Hours of my life have been wasted in the past month, lost to one technical support phone call after another. And one after the other, technicians were unable or unwilling to solve the problem.

Weren't they all trained to help people like me? Wasn't that their job? And yet one after the other seemed rushed and put out that I needed their assistance.

Until last week. A spoke with a technician that stood apart from the rest. She sounded interested in my problem, empathized with my frustration, and was determined to resolve the problem. And you know what?

She did. She accomplished in one phone call what an army of other technicians couldn't.

It took a lot of time, but not nearly the amount of time I have squandered fruitlessly over the past month, talking to a dozen or so of her co-workers.

She told me she would stay on the line as long as needed. And that if we ran out of time, that she would call me later in the day when it was convenient for me to continue and conclude the call.

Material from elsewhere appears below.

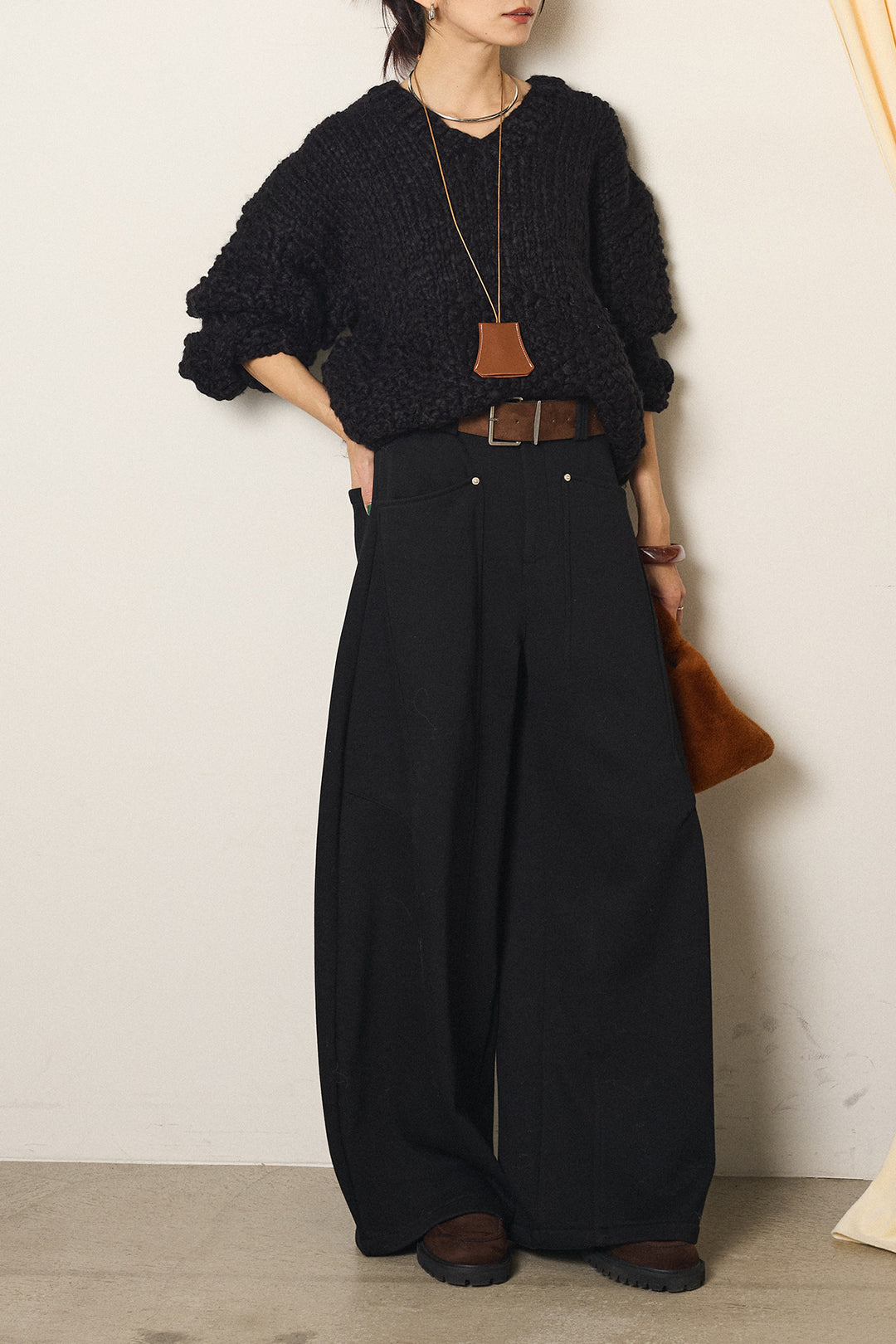 [SET]Vネックハンド編みニットトップス+太ベルト付きスウェットワイドカーブパンツ(2set)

What service! What if everyone did this? Imagine if everyone took a few extra minutes to get a job done right?

One more example for you.

I was at a home improvement store over the weekend and needed assistance before making my purchases.

One employee stood out to me. He was one of the more senior in age employees I encountered. But you wouldn’t know that from the bounce in his step and the boundless enthusiasm he demonstrated with me.

He did what employees half his age weren’t doing—actually WALKING me to a product. This is something I admire, since when I worked in retail years ago, I felt I was the only one who did this with customers. All my co-workers took the lazy approach which sounded like this: “Big screen TVs? Oh…they’re way in the back…um…aisle 12. I think. If not, they are on 13 or 14.”

Nice. I can’t tell you how many times I would cringe at my co-workers pointing an outstretched arm vaguely in some miscellaneous corner of the store, not caring if the customer was sent astray or not.

This gentleman went the extra mile…literally and figuratively, as he walked me literally from one end of the warehouse to the other…several times.

No complaints. No huffing and puffing. He did it all with a gentle smile and polite demeanor.

Why couldn’t the young kids on the staff have done that? Laziness. Pure, unadulterated laziness.

He went the extra mile. The woman at the phone company did as well.

The warehouse employee said something I thought was very telling after I apologized to him for walking him all over the place.

He said, “That’s ok. I want to. Plus I will learn where other items are as well that aren’t in my department. Chances are someone else will ask me similar questions and I want to make sure I can answer them.”

Imagine that! Not only was he an expert in HIS department, he was willing to extend beyond his comfort zone and what was expected of him and learn about OTHER departments as well.

Now THAT’S going the extra mile.

Try doing the same today. In everything you do. Give a little more than is asked of you, a little more than you think you have in you.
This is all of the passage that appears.